In a historic first, Northrop Grumman is set to launch a rescue mission to save a NASA space telescope from plunging into the Earth's atmosphere using a service robot to capture the stricken craft and boost it into a new, safer orbit.
In November 2004, NASA launched the Neil Gehrels Swift Observatory to study gamma-ray bursts and monitor the afterglow in X-ray and UV/visible light at the location. For almost 22 years, the robotic satellite has carried out its mission, but, like thousands of spacecraft before it, the space telescope is now facing the inevitable fiery and fatal consequences of years of orbital decay that will cause it to reenter the atmosphere.
Until very recently, that would have been the end of the story. As has happened many times before, those who sent the telescope into orbit would have no choice but to resign themselves to watching helplessly while a perfectly good spacecraft met its end. However, that is changing thanks to advances in launchers and robotics that make a rescue mission feasible.
The plan is to use a Northrop Grumman air-launched Pegasus XL rocket carried aloft by the company's Stargazer L-1011 carrier aircraft and loaded with a roughly 880-lb (400-kg) LINK spacecraft built by Katalyst Space Technologies. After being released over the equatorial waters near Kwajalein Atoll in the Marshall Islands, the Pegasus will fire its solid-rocket motor and send LINK into Swift's precise orbital plane, which has an inclination of 20.6° to the equator.
Once separated from the Pegasus upper stage, LINK will use its own onboard propulsion system to chase Swift over a number of days or even weeks until it matches the trajectory of the space telescope, for an interception with both traveling at about 17,000 mph (27,000 km/h).
That may sound relatively simple, but it's far from it. Because of the latency of radio signals between mission control and LINK, the rescue craft must rely entirely on its autonomous onboard computers processing data from the optical cameras, LiDAR ranging sensors, guidance flight software, and real-time imaging.
All of this has to be very carefully considered regarding time and there isn't much of it. Swift was never designed for outside maintenance or docking with another spacecraft, so there are no standard docking rings, magnetic capture fixtures, or cooperative navigation beacons.

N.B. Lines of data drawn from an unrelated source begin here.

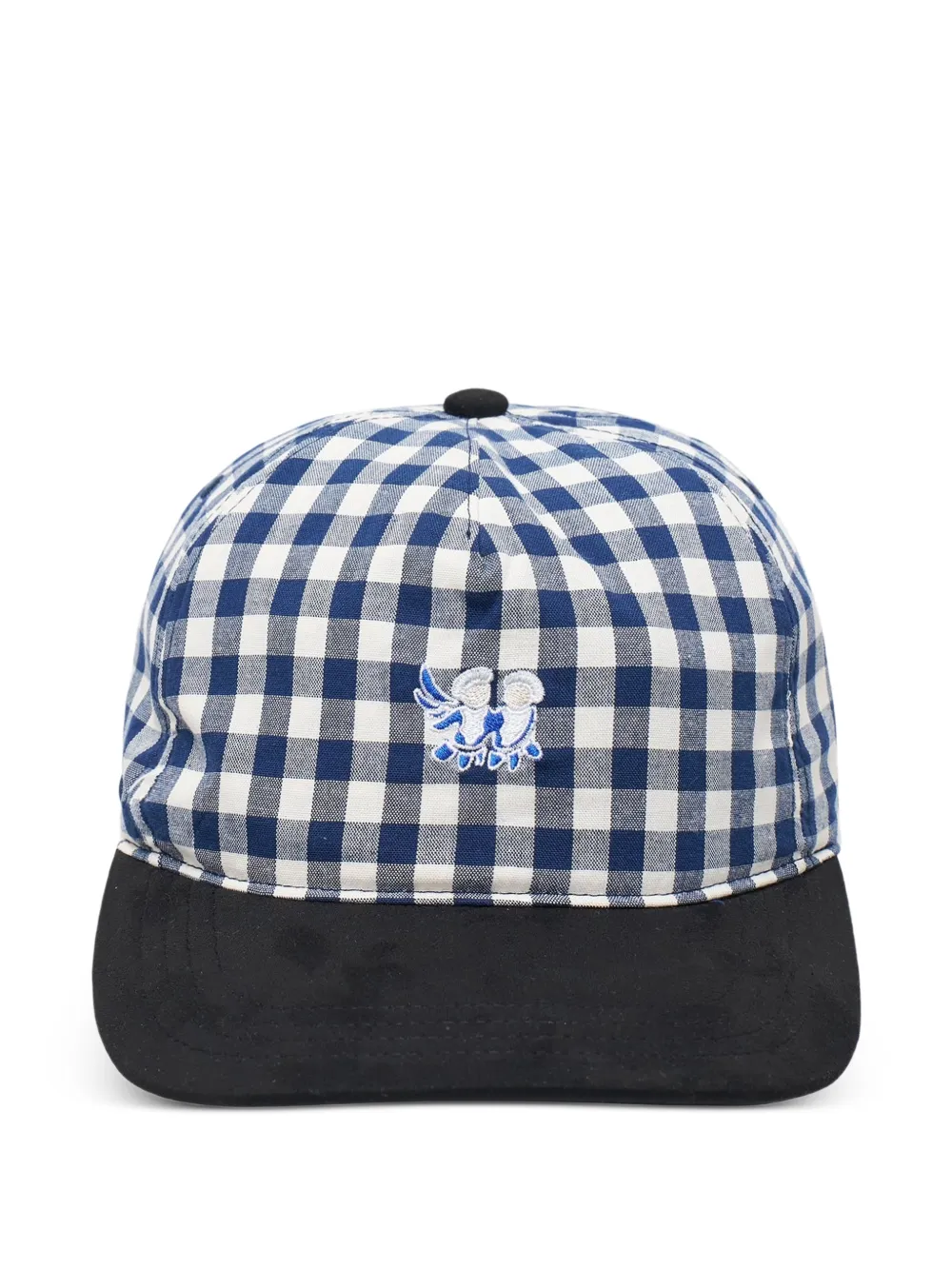 JUNTAE KIM embroidery check cap - Blu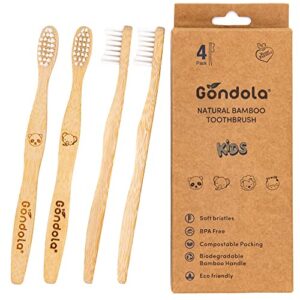 gondola kids bamboo toothbrushes soft bristles – vegan organic eco friendly tooth brush for kids with fun animals designs & lightweight, smooth bamboo handles – zero waste packaging – 4 pack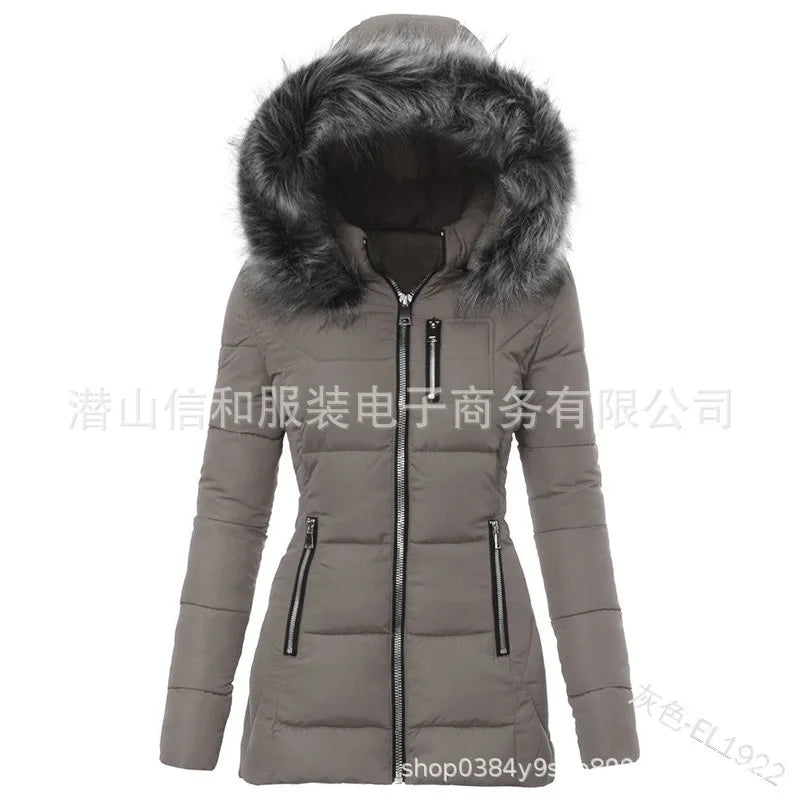 Women Parkas Jacket Cotton Coat Winter Thick Fur Collar Hooded Windproof Padded Jackets Outerwear Zipper Overcoat Office Lady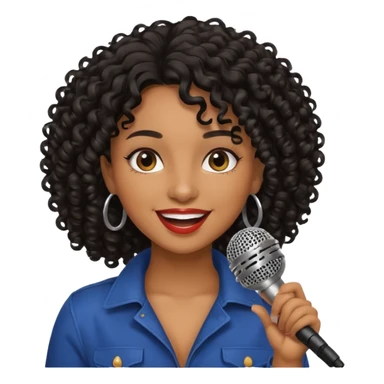 brown skin woman, curly black hair, singer, hold micro sticker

In addition, the physical condition of the satellite is unknown after more than two decades.
As a result, LINK must scan Swift and assess the situation while looking for ground-handling fixtures originally used to transport the space telescope before being installed on the Delta rocket that launched it. If all goes well, LINK will extend three rather alarming looking robotic arms that will grasp these fixtures.
Once secured, LINK will take over control of Swift and use its onboard thrusters to boost the telescope to a new orbit of about 373 miles (600 km), extending the observatory's life for a comfortable number of years.
If successful, this will constitute the first capture of an unprepared US government satellite by a commercial vehicle and the first of a scientific satellite that was not designed for capture.
The launch of the rescue mission is currently scheduled for late June 2026.
"Pegasus has been instrumental in launching science satellites over the years, and doing this as a rapid response mission from Kwajalein Atoll truly highlights what Pegasus can do: quick assembly, testing, and global repositioning," said Steve Hollo, chief engineer of Pegasus. "The latest mission features a complete avionics upgrade to modernize the rocket while carrying forward decades of technological heritage. Plus, not being tied to a single launch site gives us incredible flexibility and responsiveness that few other vehicles can match."
Source: Northrop Grumman